In an alternative embodiment, the secure communication platform replaces the device key with an authorization key to effectively bind the communication to a permission level and a receiver's secure collaboration app. FIG. 5 illustrates a process for transmitting encrypted communications according to a second embodiment. As with the process described in FIG. 3 above, the sender's secure collaboration app begins composing a communication to one or more receivers in block 505 by obtaining the one or more receivers' public information from a secure directory. In some examples, the request for one or more receivers' public information may include a permission level assigned to the communication by the sender. In block 510, the sender's app receives public information received from the security platform and authenticates it. In addition to the public information described above, an authorization key is provided to the sender's secure collaboration app according to this embodiment. In some examples, the authorization key may be provided to the security platform from the access control server in accordance with the permission level assigned by the sender. Alternatively, the authorization key may be provided to the sender by the DLP system, via the security platform. For example, the DLP system may review the content of the sender's communication, via an API located in the sender's secure collaboration app, and assign a permission level based on the content of the communication. Accordingly, the DLP system may provide the authorization key to the secure platform based on the content of the communication, the permission level assigned to the communication, or a combination thereof. The secure platform, in turn, provides the sender with the authorization key. In examples where the communication is a secure file transfer, the document management system, via the security platform, may provide the sender with the authorization key. According to these examples, the authorization key may be based on the permissions associated with the file. Alternatively, the authorization key could be a unique key used to encrypt the file, thereby allowing an author of the file to control whom may access the file.
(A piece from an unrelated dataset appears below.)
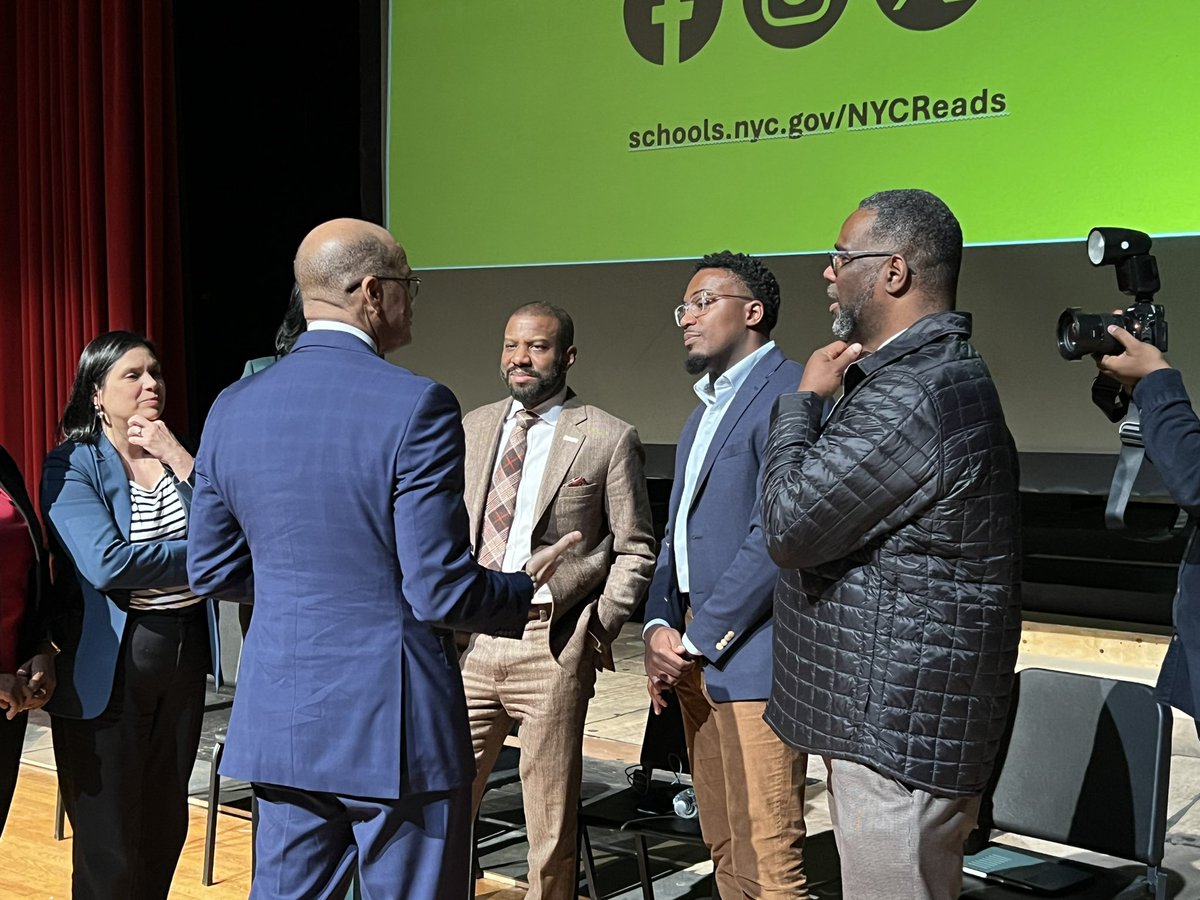 Scenes from last night’s screening of @RightToReadFilm, as the NYC Reads initiative kicks into high gear. @NAACPNYS hosted the event, and it included an announcement from the @NAACP…….. @KJWinEducation @kymyona_burk @PheltonMoss @toldson @QCarolyneQ1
Once the one or more receivers' public information is authenticated, the sender composes their communication to the one or more receivers in block 515. Authenticating the one or more receivers' public information may occur while the sender composes the communication. Alternatively, the one or more receivers' public information may be authenticated while the sender modifies one or more parameters, such as a time-to-live, of the communication. In block 520, the sender's secure collaboration app derives a random, 256-bit communication key using one of the previously discussed techniques. Once the communication is composed and the communication key generated, the sender's secure collaboration app encrypts the communication using the derived random communication key in block 525. In block 530, the sender's secure collaboration app generates a pair of ephemeral ECDH components according to ECC. In block 535, the sender's secure collaboration app derives a key-encrypting key using the receiver's ephemeral ECDH public component and the ephemeral ECDH private component generated by the sender's app. In block 540, the communication key is encrypted a first time using the key-encrypting key derived by the sender's secure collaboration app. Next, in block 545, the sender's secure collaboration app encrypts the encrypted communication key a second time using the authorization key discussed above. In block 550, the sender's secure collaboration app determines whether the receiver has multiple instances of the secure collaboration app installed on a plurality of devices. If so, the sender's secure collaboration app repeats the steps of blocks 535, 540, and 545 for each instance of the one or more receiver's secure collaboration app. When twice-encrypted communication keys have been generated for each of the one or more receiver's instantiations of the secure collaboration app, the sender's secure collaboration app prepares a secure communication container in block 555. As noted above, the sender's secure collaboration app prepares a single secure communication container that includes information for the one or more receivers. Upon receipt of the secure communication container, the security platform will notify each of the one or more receivers of the secure communication container. In this regard, a single communication is transmitted from the sender's secure collaboration app and is distributed to the one or more receiver's by the security platform.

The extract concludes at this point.